The first thing Kwilo asks is what you are sitting for and when. JEE Main in January is a different plan from NEET in May, and a Class 12 CBSE board learner writing pre-boards in December has yet another shape of work. From that date, the plan works backwards: how many study days you realistically have, how many hours you can give on a school day versus a Sunday, and how much of the syllabus is still untouched.

That backward pass produces something concrete. Not "cover Physics", but "Rotational Motion by Thursday, 40 practice questions, then Simple Harmonic Motion". Each day has a target you can finish and tick off, which is the difference between a plan you follow and a colour-coded timetable you abandon in week two.

The plan also protects revision time instead of letting it get eaten. Chapters you finished in August are scheduled to come back in October and again in December, because a topic learned once and never revisited is a topic you will lose.

Weightage decides what gets your best hours

Not all chapters pay the same. In JEE Main, Coordinate Geometry and Calculus carry far more questions than Mathematical Reasoning. In NEET, Human Physiology and Genetics show up year after year in a way that Biotechnology simply does not. Kwilo uses previous-year question patterns to rank topics by how much they actually appear, then puts the heavy ones in the hours when you are sharpest.

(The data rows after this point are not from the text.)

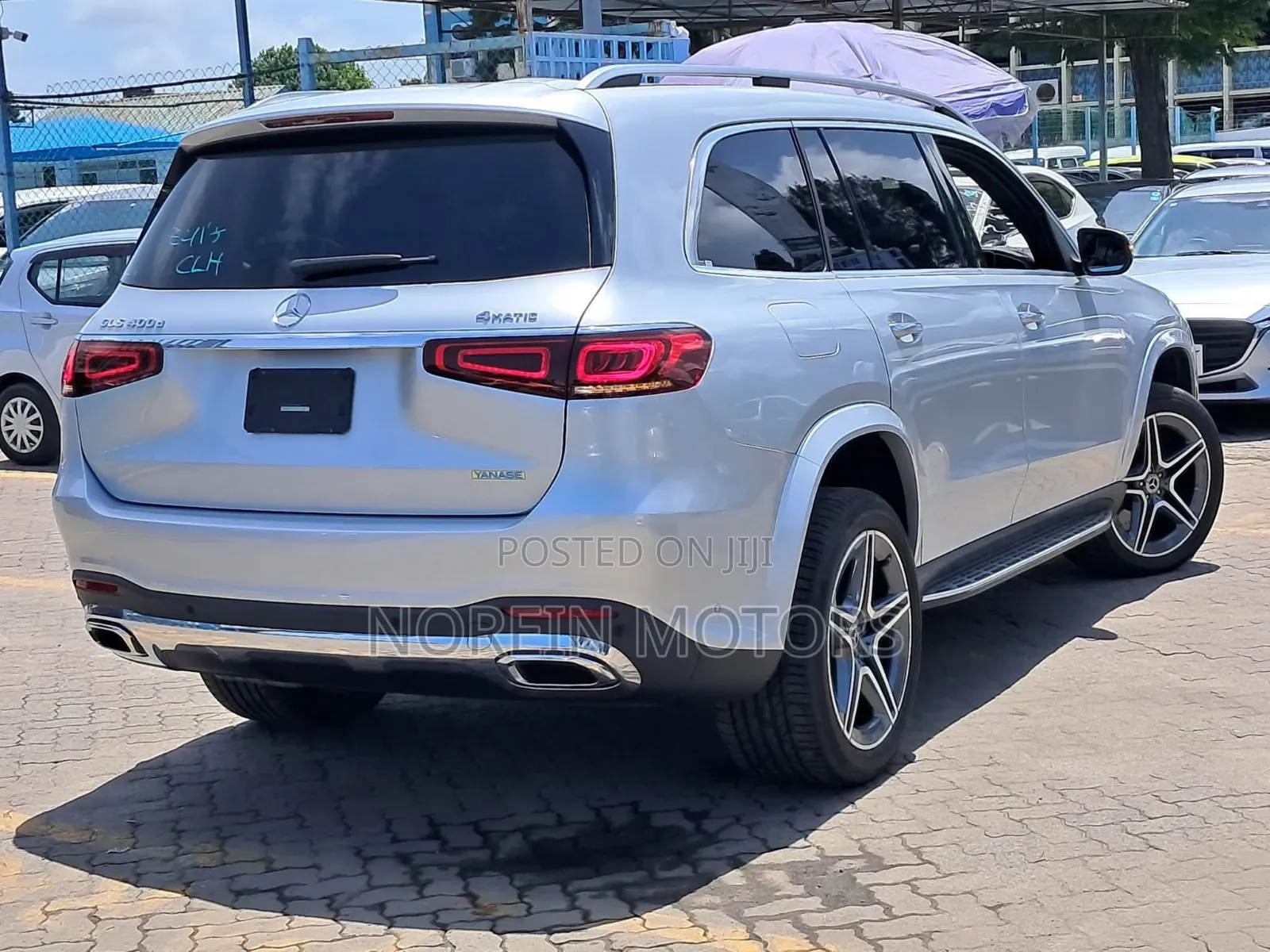 Mercedes-Benz GLS-Class GLS 450 4MATIC 2020 Silver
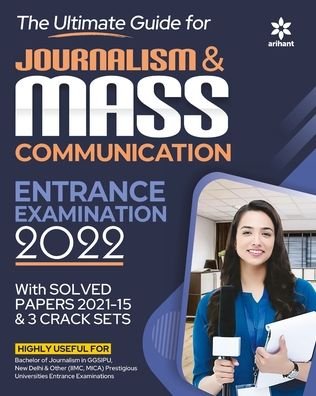 Cover for Pushpendra K. karhana · Journalism and Mass Communication 2022 (Pocketbok) (2022)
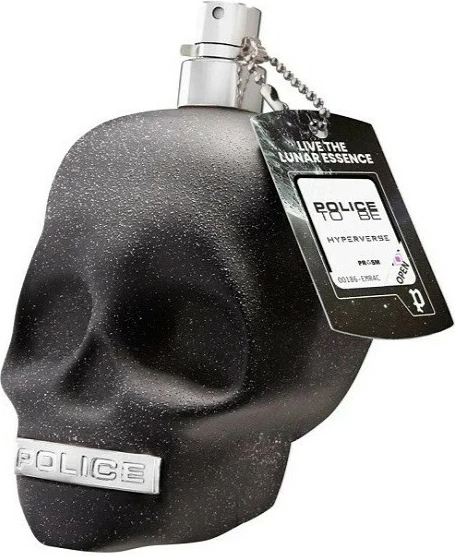 Eau de Toilette Police To Be Hyperverse për meshkuj 40ml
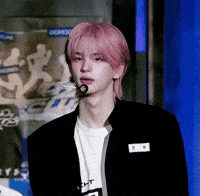 mimiesungatito tws pledis shinyu GIF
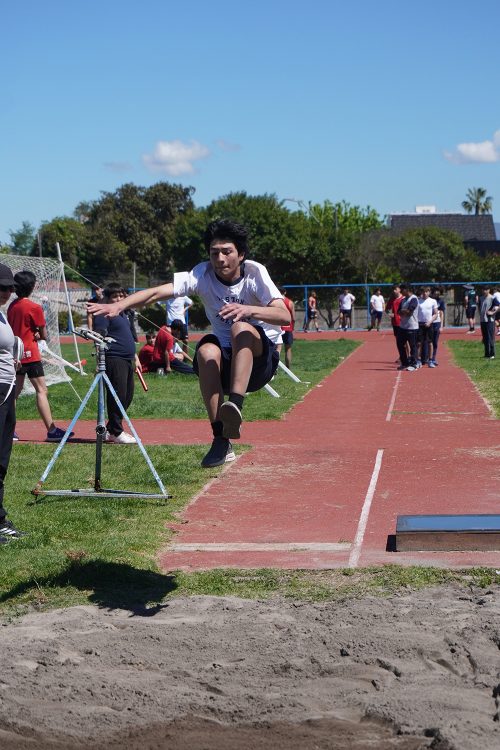 Atletismo 7° Básico a IV Medio – Olimpiadas BostonEduca 2026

This matters most for learners who are short on time. If you are starting serious NEET preparation in November, you cannot treat all of Botany as equal. The plan will tell you plainly which chapters earn the effort first and which ones you touch only if the schedule allows.

Weightage never becomes an excuse to skip. Low-weight chapters stay in the plan, they just sit later and get less time. You still see the whole syllabus, you just stop spending your best mornings on the parts that rarely get asked.

The plan changes when your results change

A static plan is wrong within a fortnight. You lose two days to a fever, you discover Thermodynamics is harder than you assumed, a school test eats a weekend. Kwilo recalculates instead of leaving you to feel guilty about a schedule you can no longer meet.

The recalculation is driven by evidence, not by how you feel about a chapter. If you score well on Electrostatics practice, the plan pulls back on it and spends the recovered time on Current Electricity where you are dropping marks. If a topic keeps producing wrong answers, it comes back sooner and in smaller pieces, because the fix for a stubborn topic is repetition spread out, not one long painful sitting.

Missed days get absorbed. The plan reflows the remaining work across the days you have left and tells you honestly if the syllabus no longer fits, so you can make a real decision about what to prioritise rather than discovering the problem in March.

Built for the way an Indian exam year actually runs

Board exams and entrance exams live in the same calendar and pull in different directions. A Class 12 learner cannot drop CBSE preparation to chase JEE, and cannot ignore JEE to write boards. Kwilo lets you set both, and the plan finds the overlap: Physics and Chemistry chapters that serve both, and the board-only work like descriptive answers and diagram practice that needs its own slot.

State board learners get the same treatment. Karnataka, Maharashtra and other state syllabi are not the same as CBSE, and a plan that assumes NCERT chapter ordering is useless to a learner following a different textbook. You tell Kwilo which board and which class, and the plan follows your syllabus.

School terms, pre-boards and test series are all inputs. If you have a coaching test on the 18th, the days before it shift towards revision of what that test covers.

What you see every morning

The plan opens on today. A short list, usually two or three items: the concept to study, the practice set attached to it, and the revision block for something you learned earlier. You can see the week and the month behind it, but the daily view is deliberately small, because a screen showing 140 pending chapters is a screen you close.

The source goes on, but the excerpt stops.